Using TensorFlow backend.


In [2]:
dpath = './data/'

In [3]:
arr_lr = bcolz.open(dpath+'trn_resized_72.bc')[:]
arr_hr = bcolz.open(dpath+'trn_resized_288.bc')[:]

In [4]:
parms = {'verbose': 0, 'callbacks': [TQDMNotebookCallback(leave_inner=True)]}

In [5]:
def conv_block(x, filters, size, stride=(2,2), mode='same', act=True):
    x = Convolution2D(filters, size, size, subsample=stride, border_mode=mode)(x)
    x = BatchNormalization(mode=2)(x)
    return Activation('relu')(x) if act else x

def res_block(ip, nf=64):
    x = conv_block(ip, nf, 3, (1,1))
    x = conv_block(x, nf, 3, (1,1), act=False)
    return merge([x, ip], mode='sum')

def deconv_block(x, filters, size, shape, stride=(2,2)):
    x = Deconvolution2D(filters, size, size, subsample=stride, 
        border_mode='same', output_shape=(None,)+shape)(x)
    x = BatchNormalization(mode=2)(x)
    return Activation('relu')(x)

def up_block(x, filters, size):
    x = keras.layers.UpSampling2D()(x)
    x = Convolution2D(filters, size, size, border_mode='same')(x)
    x = BatchNormalization(mode=2)(x)
    return Activation('relu')(x)


In [6]:
# This model here is using the previously defined blocks to encode a low resolution image and 
# then upsample it to match the same image in high resolution.

inp=Input(arr_lr.shape[1:])
x=conv_block(inp, 64, 9, (1,1))
for i in range(4): x=res_block(x)
x=up_block(x, 64, 3)
x=up_block(x, 64, 3)
x=Convolution2D(3, 9, 9, activation='tanh', border_mode='same')(x)
outp=Lambda(lambda x: (x+1)*127.5)(x)

In [7]:
# shp = 
shp = outp.shape[1:]

preproc = lambda x: (x-imagenet_mean)[:,:,:,::-1]
deproc = lambda x,s: np.clip(x.reshape(s)[:, :, :, ::-1] + imagenet_mean, 0, 255)


The method of training this network is almost exactly the same as training the pixels from our previous implementations.
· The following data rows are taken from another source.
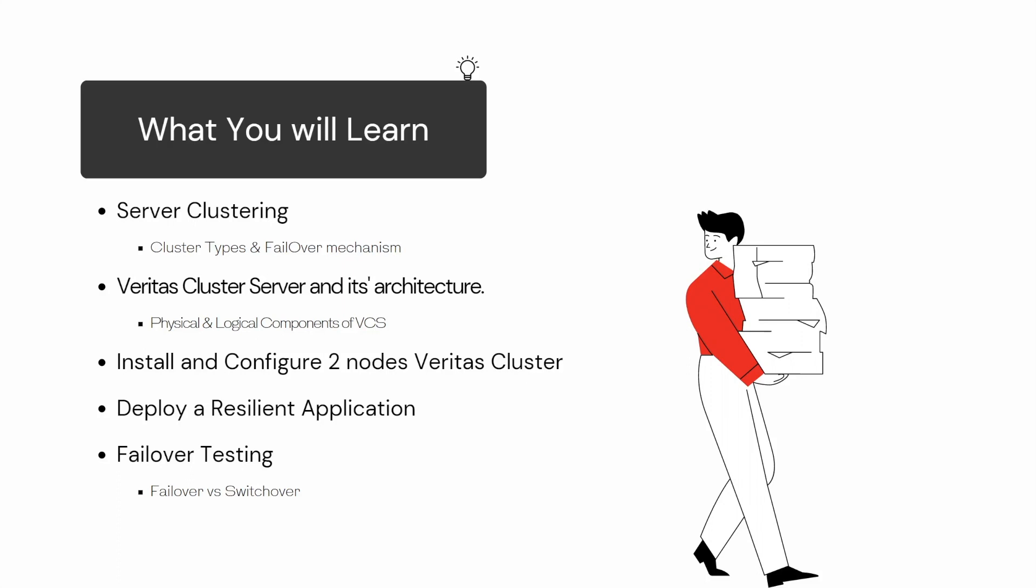We will thoroughly discuss physical and logical components of VCS. Next, we will install and configure a two-node Veritas cluster in which we will deploy a resilient application. Once everything is in place, we will do failover testing.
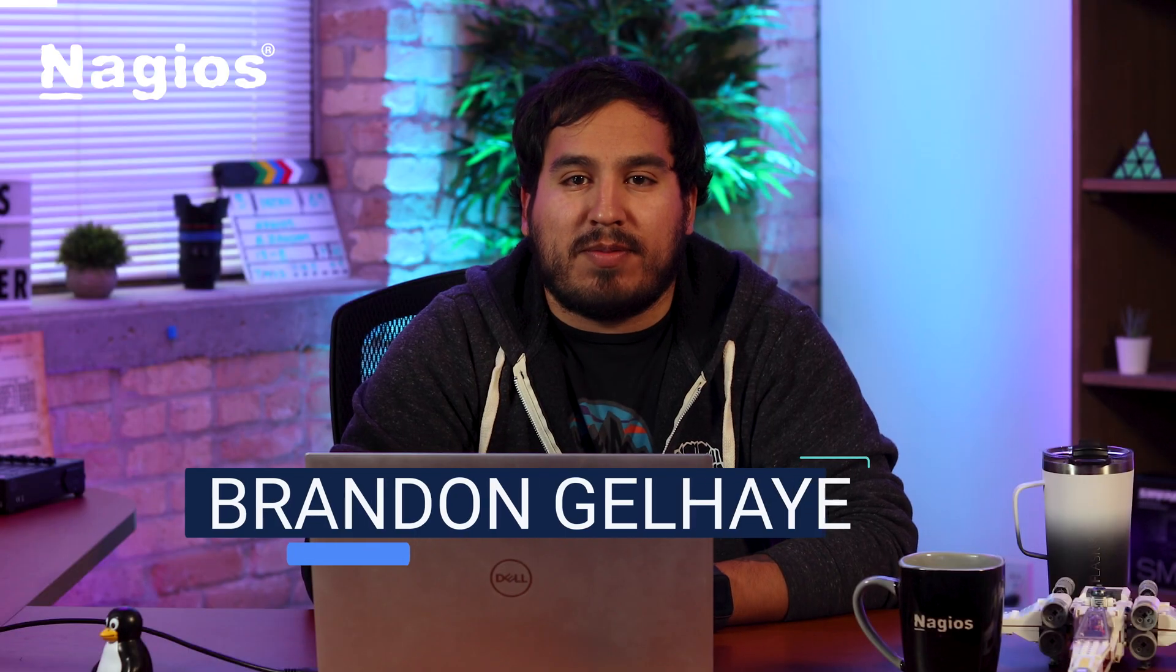Hey everyone, I'm Brandon from Nagios and welcome back to the channel. Today I got a video for you on how to manually install Nagios Network Analyzer on a Linux distribution.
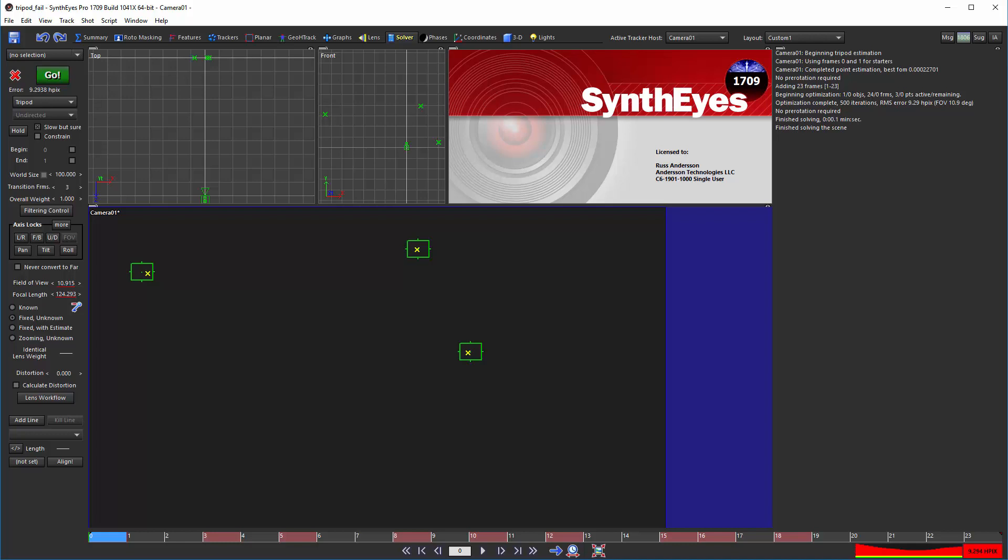It's giving up. We need to switch to known lens mode, which is the right way to solve this shot, and all other tripod shots where the camera hasn't moved enough, and there aren't enough trackers to determine the field of view.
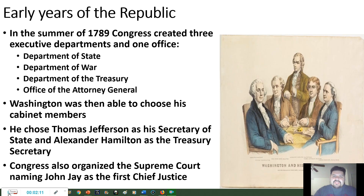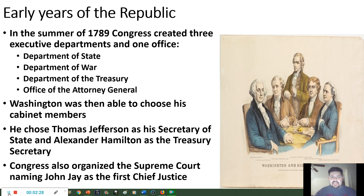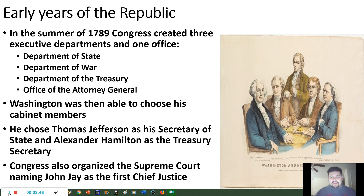In the summer of 1789, Congress created three departments for the executive branch and one office. These departments were the Department of State, the Department of War, the Department of Treasury, and the Attorney General. The Department of State's job is to make sure the president knows what's going on around the country. The Department of War is pretty self-explanatory, and the Department of Treasury is the person in charge of the money.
The idea here is we're going to feed two images to Vgg16 and compare their convolutional outputs at some layer. These two images are the target image (which in our case is the same as the original but at higher resolution), and the output of the previous network we just defined, which we hope will learn to output a high resolution image. 
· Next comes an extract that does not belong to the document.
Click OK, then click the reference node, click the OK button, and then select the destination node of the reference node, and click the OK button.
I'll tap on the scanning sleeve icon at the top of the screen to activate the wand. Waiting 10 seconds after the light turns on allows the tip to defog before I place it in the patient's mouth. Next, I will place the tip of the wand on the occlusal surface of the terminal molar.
The key then is to train this other network to produce an image that minimizes the loss between the outputs of some convolutional layer in Vgg16 (which the paper refers to as "perceptual loss"). In doing so, we are able to train a network that can upsample an image and recreate the higher resolution details.

In [8]:
vgg_inp=Input(shp)
vgg= VGG16(include_top=False, input_tensor=Lambda(preproc)(vgg_inp))

In [9]:
# Since we only want to learn the "upsampling network", and are just using VGG to calculate the loss function, 
# we set the Vgg layers to not be trainable.
for l in vgg.layers: l.trainable=False

An important difference in training for super resolution is the loss function. We use what's known as a perceptual loss function (which is simply the content loss for some layer).

In [10]:
def get_outp(m, ln): return m.get_layer(f'block{ln}_conv1').output

vgg_content = Model(vgg_inp, [get_outp(vgg, o) for o in [1,2,3]])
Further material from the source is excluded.